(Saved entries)
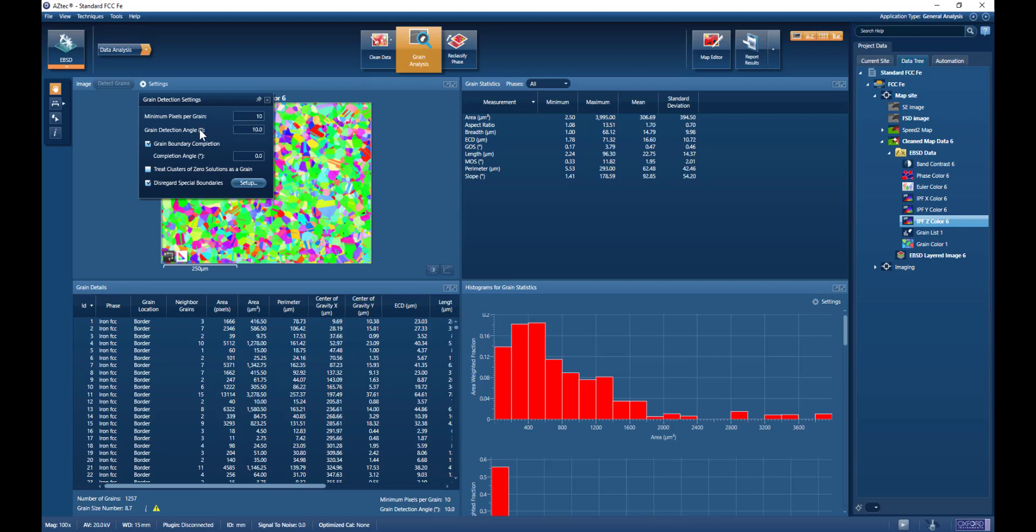We have the grain detection angle, so this is the threshold angle above which will be considered as a grain boundary.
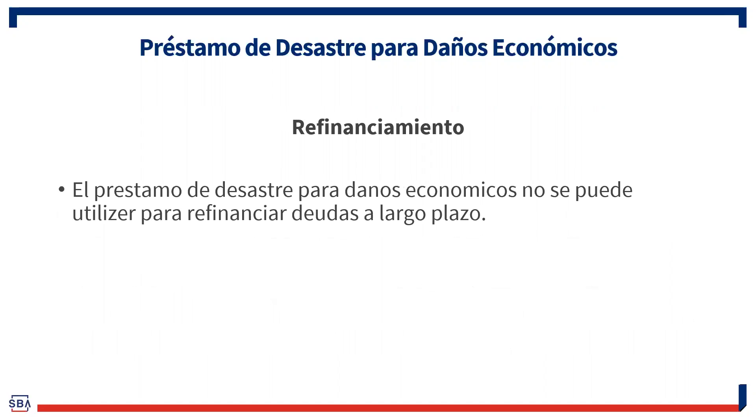Refinanciamiento. Para este préstamo no se puede refinanciar deudas anteriores.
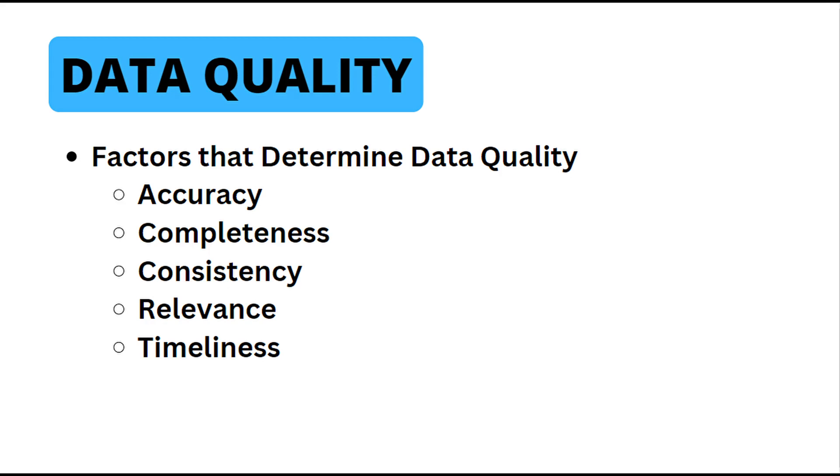Hey everyone, in this video I'm going to go over data quality in Salesforce. Data quality falls under the data for AI exam objective, which makes up 36% of the AI associate exam.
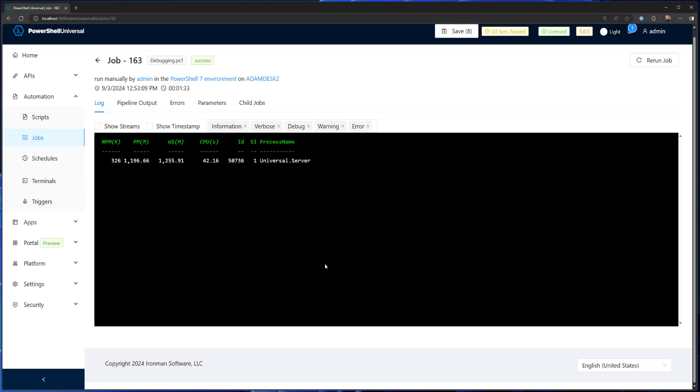So in this quick video, we looked at how to use the new inline debugger feature in PowerShell Universal version 5.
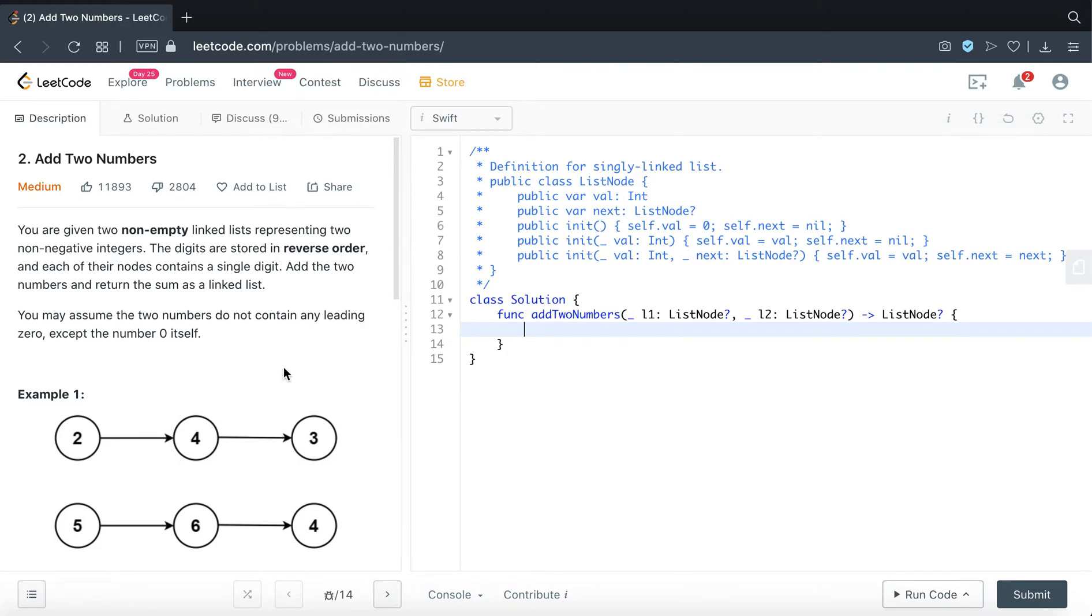Hello everyone, welcome to EverythingSwift. Today we will be attempting question number 2 on LeetCode, Add Two Numbers.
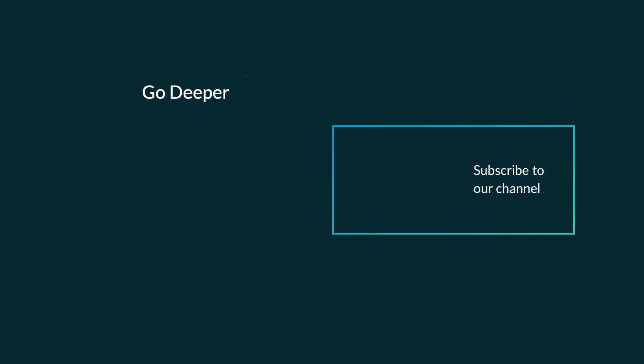Now that you know how to generate a build scan from your Maven project, check out this video series where we'll introduce you to each section of the build scan interface.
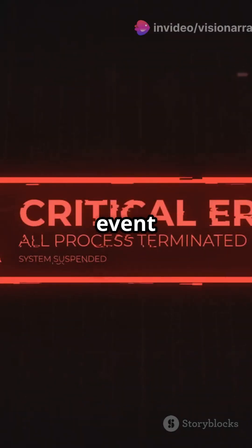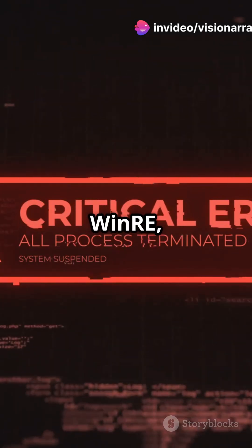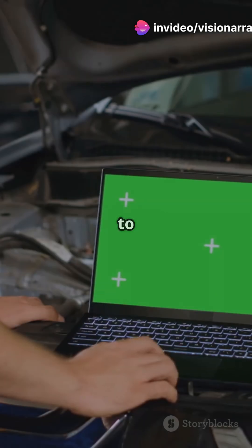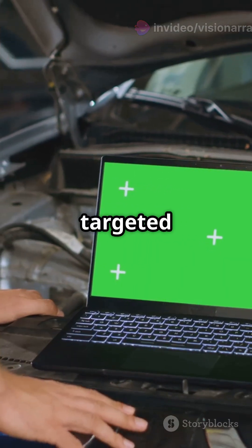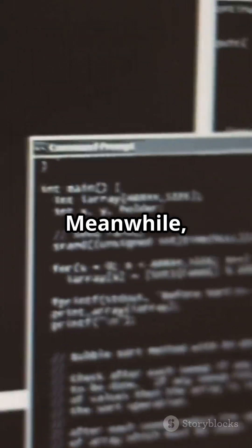In the event of a critical boot failure, your device will enter WinRE, connect to Microsoft's recovery services, and apply targeted solutions to get you back up and running.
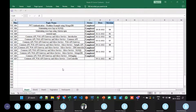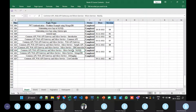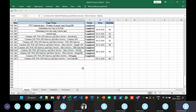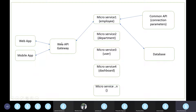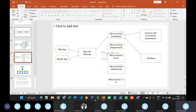In the previous session, we discussed how to write the API in a microservice, how to call that API in the web API gateway, and how to call the DB credentials from the common API to the microservice. Coming to real time, whenever a request comes from a web application or mobile application, that request first goes to the web API gateway and then to the microservice.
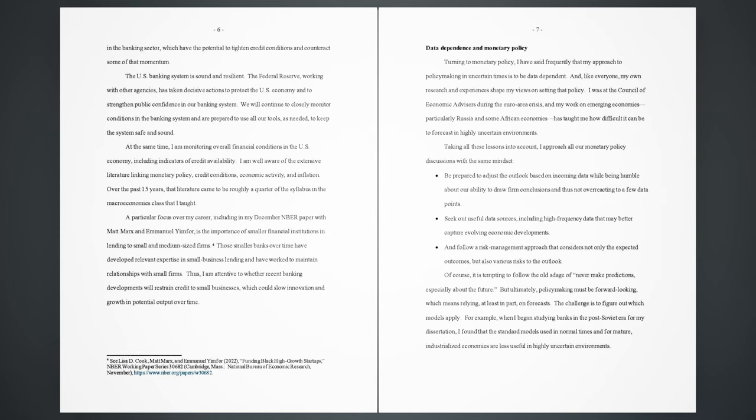I am well aware of the extensive literature linking monetary policy, credit conditions, economic activity, and inflation. Over the past 15 years, that literature came to be roughly a quarter of the syllabus in the macroeconomics class that I taught. A particular focus over my career, including in my December NBER paper with Matt Marks and Emmanuel Yimfor, is the importance of smaller financial institutions in lending to small and medium-sized firms. Those smaller banks over time have developed relevant expertise in small business lending and have worked to maintain relationships with small firms. Thus, I am attentive to whether recent banking developments will restrain credit to small businesses, which could slow innovation and growth in potential output over time.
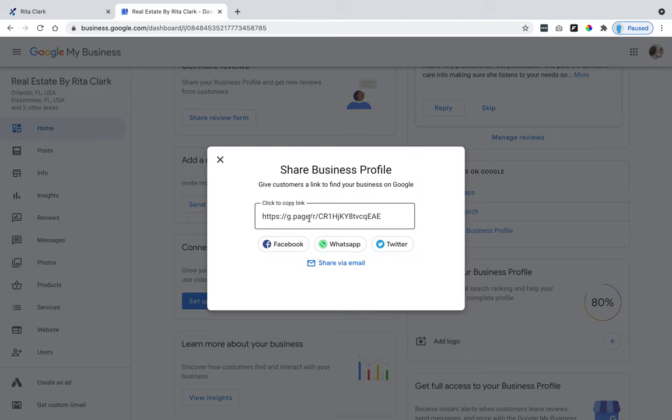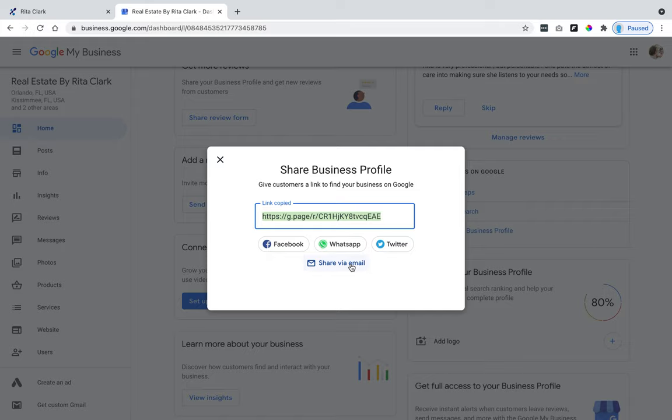And then here is your link right here and you can either share through Facebook, WhatsApp, Twitter, or share via email. And that's how you find your business profile link and your get more reviews link.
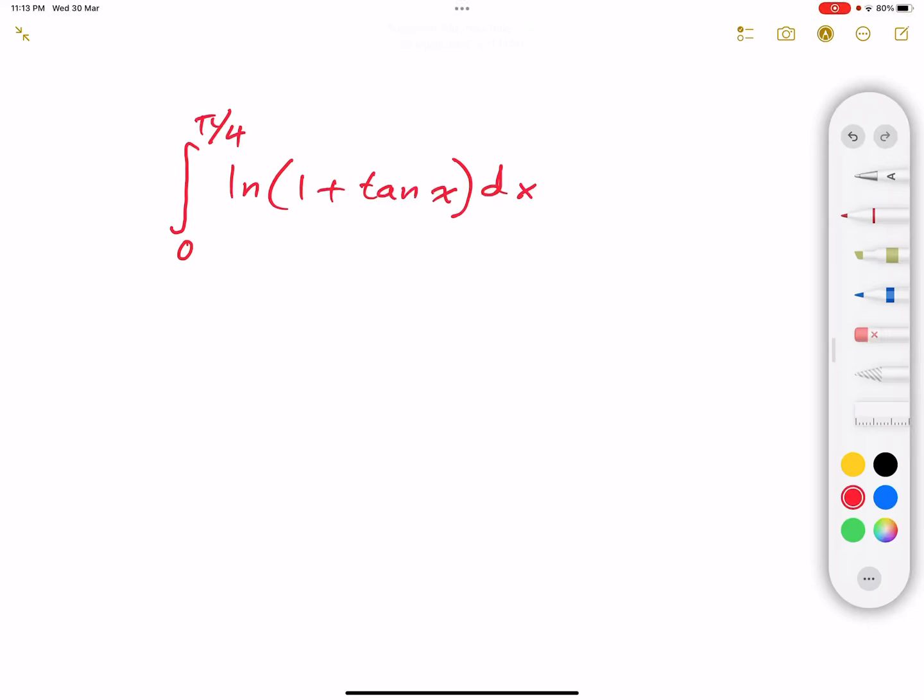Hello everybody, what's going on? My name is Mohamed, welcome to another video. In this video, I'm going to teach you how to solve for this definite integral. The integral is from 0 to π/4 of the natural logarithm of 1 plus tangent of x dx.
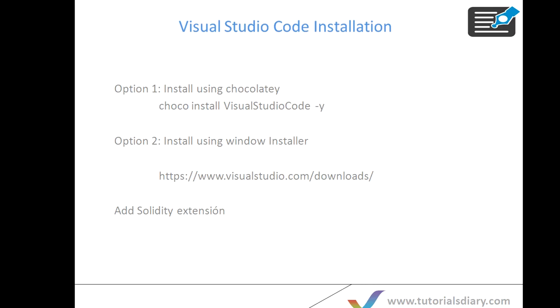Hello everyone, welcome to Tutorial Study. In this video I will show you how to install Visual Studio Code on Windows systems. If you are following my videos, I have shown earlier how to install Chocolatey, then how to install Node.js and how to install Git. Now in this video we will talk about Visual Studio.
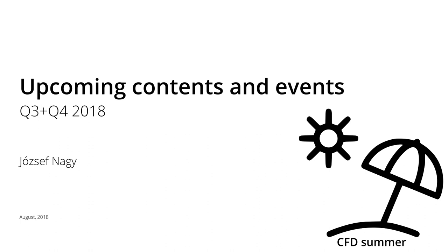Hello everyone, this is József Nagy and today I'm bringing you the last video in the CFD summer series where I post short videos like this on OpenFOAM related topics. Today I'm talking about upcoming contents and events on my YouTube channel in the second half of 2018.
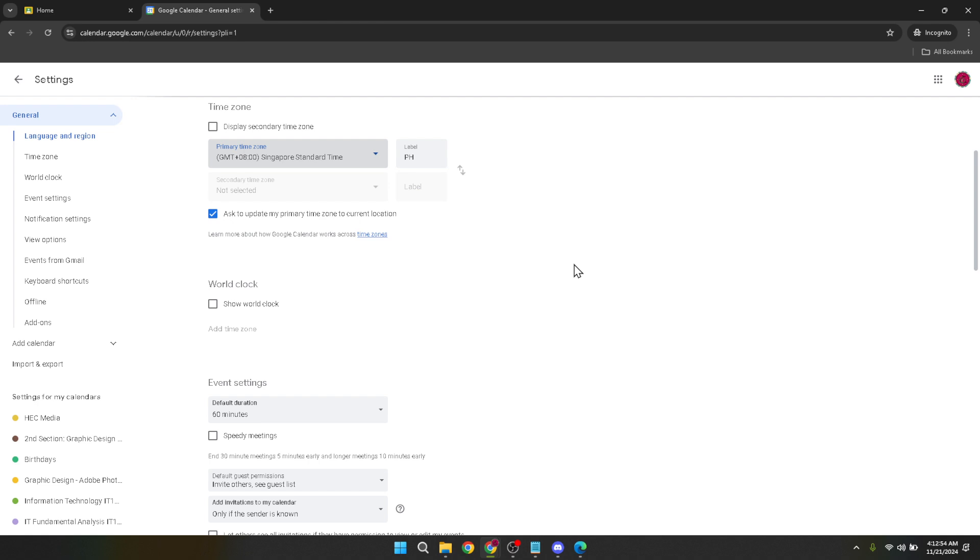A couple of additional tips to keep in mind. If you travel or move to a different time zone, you'll need to repeat this process to update your settings again. It's also a good habit to inform your students or fellow educators about the time zone you're operating in, especially if you're working with people across different geographical locations. This transparency helps minimize confusion and ensures everyone is on the same page or in this case the same time.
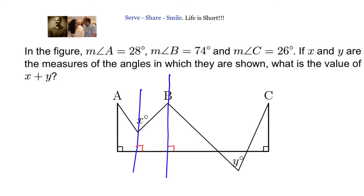Let us go ahead and try to solve this. The angle given at A is 28 degrees. If that is 28 degrees, then part of X on this side will also be 28 degrees by alternate interior angles. The total angle is X, and since 28 degrees is one part, the leftover angle must be X minus 28.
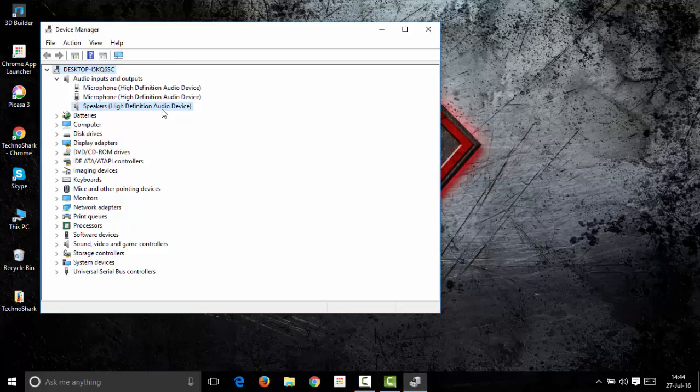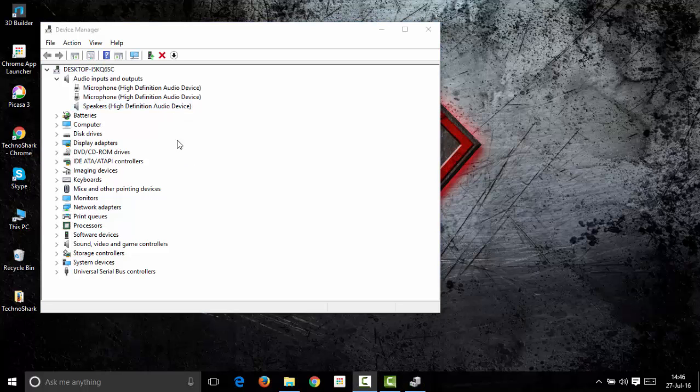Now you can see that your speaker driver has reinstalled on your PC. The process of fixing your sound driver has now ended and it should be working fine.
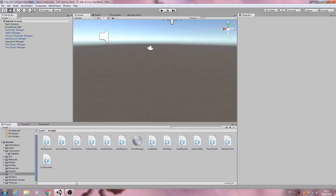Hello, it's Jay here again and welcome to another video. In this lesson we are going to continue on with the player one movement, but I just wanted to go over a couple of things first.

_WHAT THE EXERCISE ASKS:_ If a record contains a picture, drop the picture and repeat the rest exactly.

_TASK SOLUTION:_
We have the grain detection angle, so this is the threshold angle above which will be considered as a grain boundary.
Refinanciamiento. Para este préstamo no se puede refinanciar deudas anteriores.
Hey everyone, in this video I'm going to go over data quality in Salesforce. Data quality falls under the data for AI exam objective, which makes up 36% of the AI associate exam.
So in this quick video, we looked at how to use the new inline debugger feature in PowerShell Universal version 5.
Hello everyone, welcome to EverythingSwift. Today we will be attempting question number 2 on LeetCode, Add Two Numbers.
Now that you know how to generate a build scan from your Maven project, check out this video series where we'll introduce you to each section of the build scan interface.
In the event of a critical boot failure, your device will enter WinRE, connect to Microsoft's recovery services, and apply targeted solutions to get you back up and running.
In the previous session, we discussed how to write the API in a microservice, how to call that API in the web API gateway, and how to call the DB credentials from the common API to the microservice. Coming to real time, whenever a request comes from a web application or mobile application, that request first goes to the web API gateway and then to the microservice.
I am well aware of the extensive literature linking monetary policy, credit conditions, economic activity, and inflation. Over the past 15 years, that literature came to be roughly a quarter of the syllabus in the macroeconomics class that I taught. A particular focus over my career, including in my December NBER paper with Matt Marks and Emmanuel Yimfor, is the importance of smaller financial institutions in lending to small and medium-sized firms. Those smaller banks over time have developed relevant expertise in small business lending and have worked to maintain relationships with small firms. Thus, I am attentive to whether recent banking developments will restrain credit to small businesses, which could slow innovation and growth in potential output over time.
And then here is your link right here and you can either share through Facebook, WhatsApp, Twitter, or share via email. And that's how you find your business profile link and your get more reviews link.
Hello everybody, what's going on? My name is Mohamed, welcome to another video. In this video, I'm going to teach you how to solve for this definite integral. The integral is from 0 to π/4 of the natural logarithm of 1 plus tangent of x dx.
Hello everyone, welcome to Tutorial Study. In this video I will show you how to install Visual Studio Code on Windows systems. If you are following my videos, I have shown earlier how to install Chocolatey, then how to install Node.js and how to install Git. Now in this video we will talk about Visual Studio.
Hello everyone, this is József Nagy and today I'm bringing you the last video in the CFD summer series where I post short videos like this on OpenFOAM related topics. Today I'm talking about upcoming contents and events on my YouTube channel in the second half of 2018.
A couple of additional tips to keep in mind. If you travel or move to a different time zone, you'll need to repeat this process to update your settings again. It's also a good habit to inform your students or fellow educators about the time zone you're operating in, especially if you're working with people across different geographical locations. This transparency helps minimize confusion and ensures everyone is on the same page or in this case the same time.
Let us go ahead and try to solve this. The angle given at A is 28 degrees. If that is 28 degrees, then part of X on this side will also be 28 degrees by alternate interior angles. The total angle is X, and since 28 degrees is one part, the leftover angle must be X minus 28.
Now you can see that your speaker driver has reinstalled on your PC. The process of fixing your sound driver has now ended and it should be working fine.
Hello, it's Jay here again and welcome to another video. In this lesson we are going to continue on with the player one movement, but I just wanted to go over a couple of things first.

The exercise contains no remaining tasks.